Pipeline Engineering Consultants Pvt. Ltd. (PLECO) is a unison of highly experienced persons with respective domain expertise in all fields like Project Management, Pipeline design, Process, Civil & Structural, E&I, Rotating & Static Equipment; and Cathodic Protection, we offer end-to-end solutions in design, engineering and project management consulting of cross-country pipeline systems, gathering systems, pump & compressor stations and CGD/ CNG stations.

Registration number is UDYAM-UP-28-0016519

Our PAN number is ABAFP0277F

Our GST number is 09ABAFP0277F 1ZC

In order to study the flow-induced vibration characteristics of the natural gas vent pipeline under the internal flow field, taking the gas transmission station pipeline as an example, the ANSYS Workbench software was used to establish models under two working conditions, uncoupling and fluid-solid coupling, for modal analysis, and analyze and compare the calculation results and propose a structural improvement plan.
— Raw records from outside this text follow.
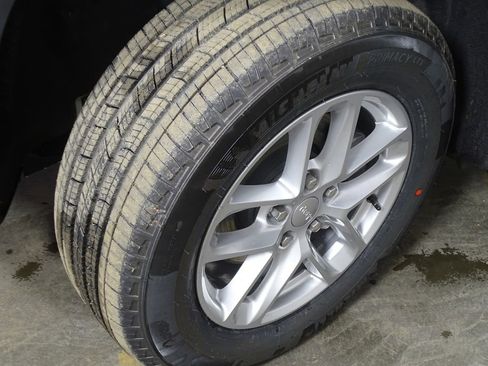 New 2025 Jeep Grand Cherokee Laredo X image 41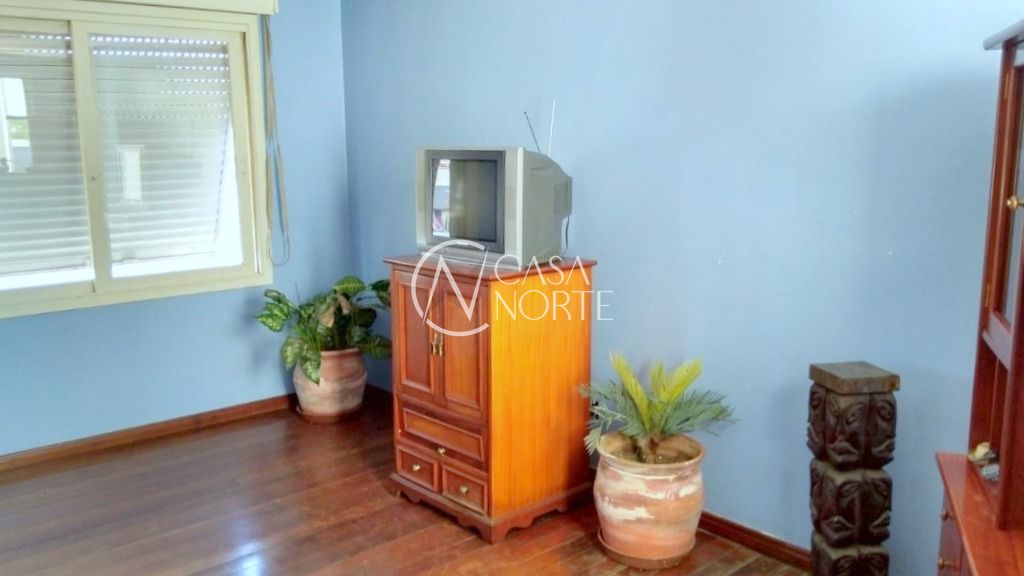 Prédio Comercial à venda com 6 quartos, 347m², 6 vagas, Rua Dezoito de Novembro no bairro Navegantes em Porto Alegre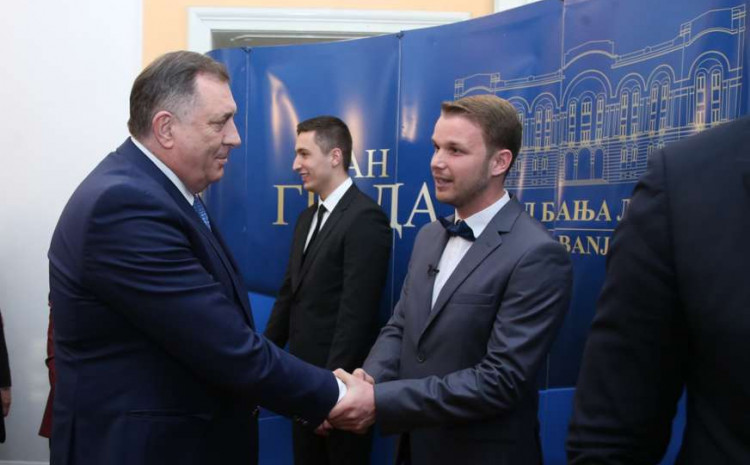 Rukovanje ljutih rivala: Dodik čestitao Stanivukoviću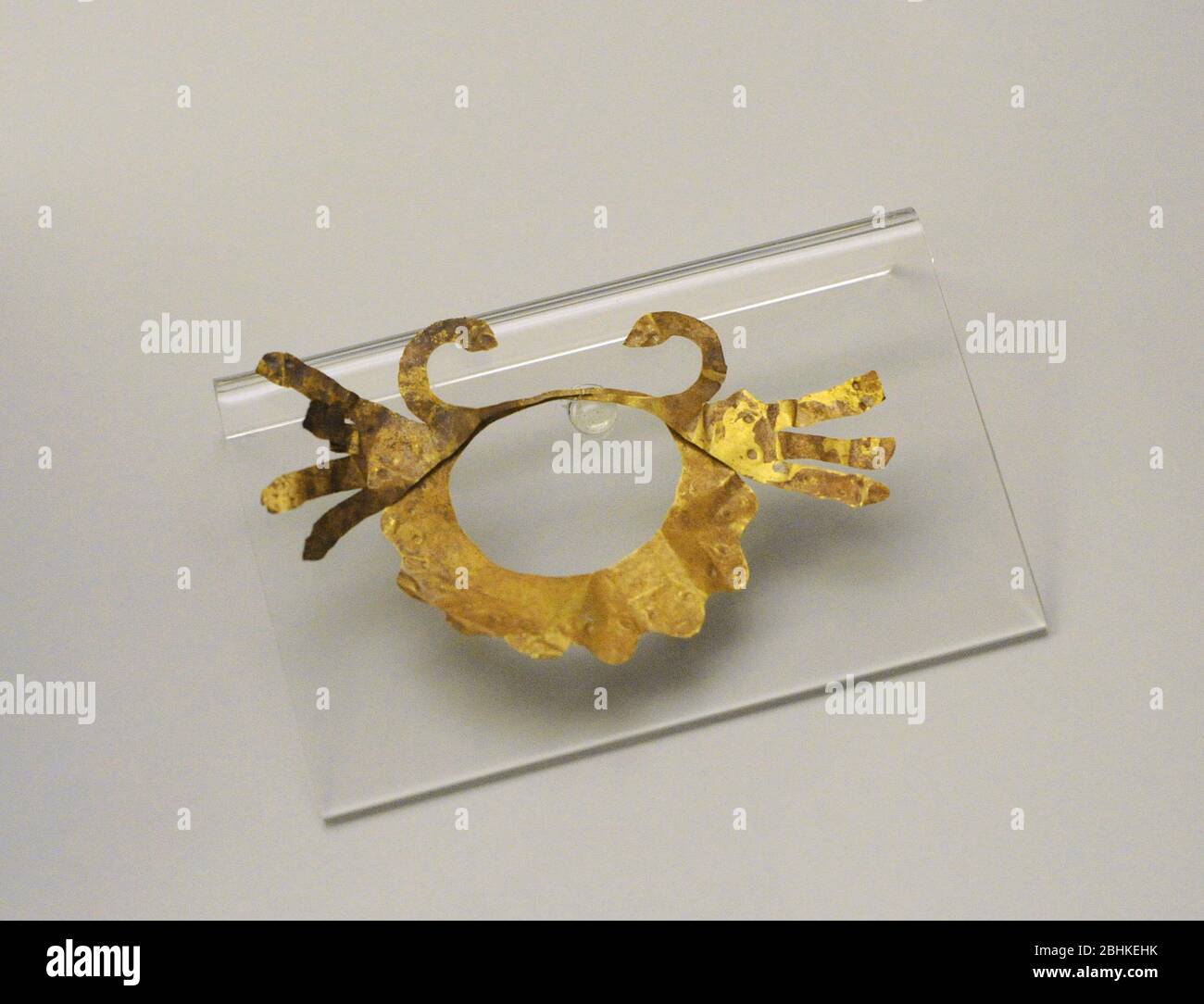 'Nariguera'. Ornement de nez. Or. Culture Nazca. Période intermédiaire précoce (100 BC-700 AD). Pérou. Musée des Amériques. Madrid, Espagne. Banque D'Images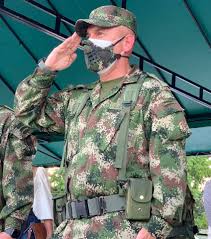Por coincidencia, los uniformados se encontraron con un niño que montaba una vieja bicicleta y física y psicológicamente, los soldados del ejército nacional se entrenan para enfrentarse a grupos al. Firmes En Nuestro Ejercito Nacional De Colombia Facebook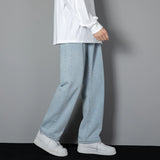 Men’s Relaxed Straight-Leg Denim Jeans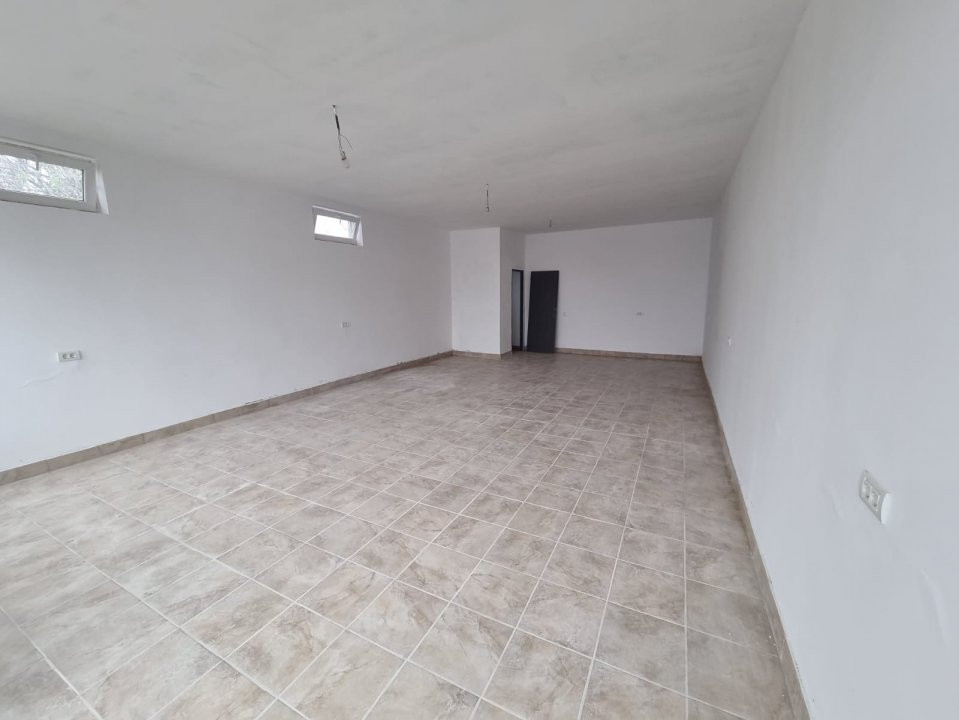 Spatiu 58 mp de inchiriat cu parcare Voluntari Bdul Pipera stradal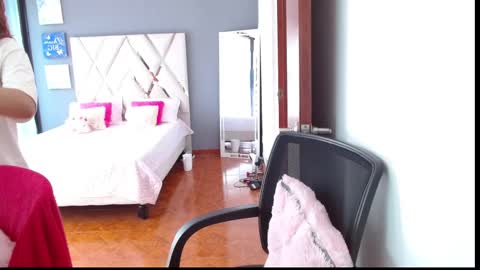 Snapshot of lilith_cut3 chatting on 12/16/25, 08:14 lili online show from 12/16/25, 08:14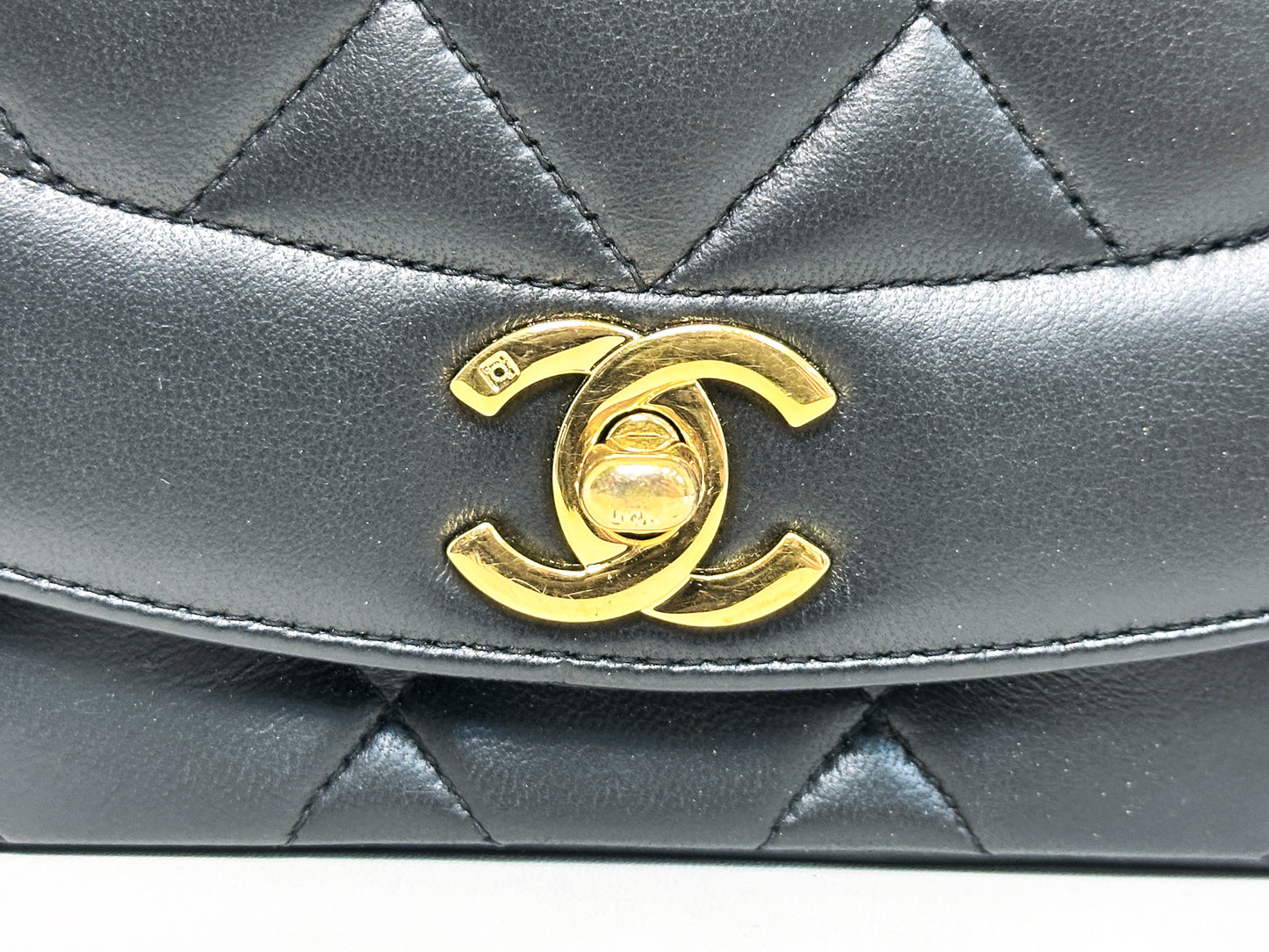 Chanel Vintage Quilted Diana Flap Bag Black Lambskin 3266 holo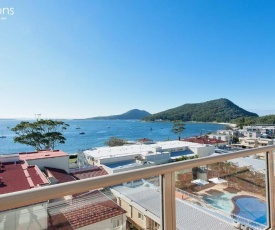 Blue Horizons, Unit 808, 41-45 Shoal Bay Road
The results show that the maximum amplitude of the first three modes under the two working conditions is concentrated on the riser mouth, and the amplitude under the fluid-solid coupling condition is slightly larger than that of no coupling; the inner diameter of the pipe elbow is large and the pressure is small, and the outside diameter is small and the pressure is small. Large, this instability will increase the air pulsation of the flow field. In the improved scheme, adding a restriction on the top to increase the rigidity of the pipeline can significantly reduce the maximum amplitude of the gas pipeline; adding an orifice to eliminate air flow pulsation has a certain effect on reducing the maximum amplitude and natural frequency, and the combination of the two can make the pipeline more stable. The research results of this paper can provide improved ideas for vibration reduction at the natural gas venting operation site.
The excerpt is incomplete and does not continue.